With apologies to Papa
On the sleeping porch facing south, in the still of early morning, the coyotes now quiet, with only the drone of a lone long-haul semi to be heard from a far piece, the whine of its engine beginning as a low hum then building slowly, implacably, irresistibly, obeying the laws of physics, the Doppler effect, to then recede as it came. The muggy heat of South Texas saturated the air even in late November, requiring that we must be in the pastures at first light, when it was cool enough for the bucks to emerge before retreating deep into the brush during the heat of the day.
At 15, I needed no second call to arise and dress hurriedly, alive with anticipation, for the hunt to begin, but today was to begin with a singular event: seated at the breakfast table, addressing our bacon and eggs, we heard a low whistle from outside.

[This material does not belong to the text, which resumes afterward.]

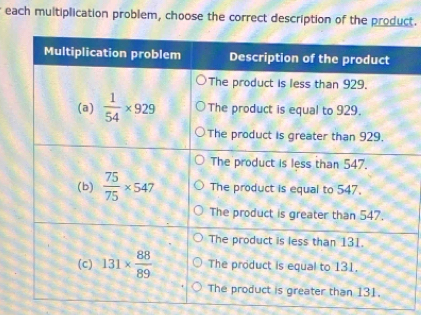 each multiplication problem, choose the correct description of the product.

Within the loom of the porch light, but just barely, an ancient (or so it seemed to me) vaquero, too humble to approach the screen door, informed our host: Seńor Johnny es mort. That was news: one of the last descendants of the founder of the vast La Parra Ranch had died. Fortunately, it did not alter our plans for the day, and we piled into the jeep, still in the predawn hours, and headed onto the trackless pastures of the ranch.
The way of the hunt was to drive slowly through the brush for deer, who - like all animals - were curious creatures and were not frightened by a vehicle moving slowly. The thing was to stay silent and search for the prey who, with its tan fur, blended well into the semi-arid landscape.
At last our host stopped and pointed to a buck no further than 40 yards I would say, standing within a light stand of mesquite. Silently, I left the jeep and went to a kneeling position to steady the rifle. I fired one shot, which was immediately followed by a loud whack of the bullet hitting its mark. The animal turned and ran, but as though blind, it ran into a bit of brush: It's a gone buck, said our host and guide. Sure enough it was motionless as we drove up to it, but our guide delivered the coup de grāce with a .22 pistol as a precaution.
I was numb with the enormity, or so it seemed to me, of the event. The ritual for a first kill is to cut off the penis and wipe the blood of the animal on the cheeks of the shooter, but as there was a woman with us, I was deprived of this seminal event in my young life.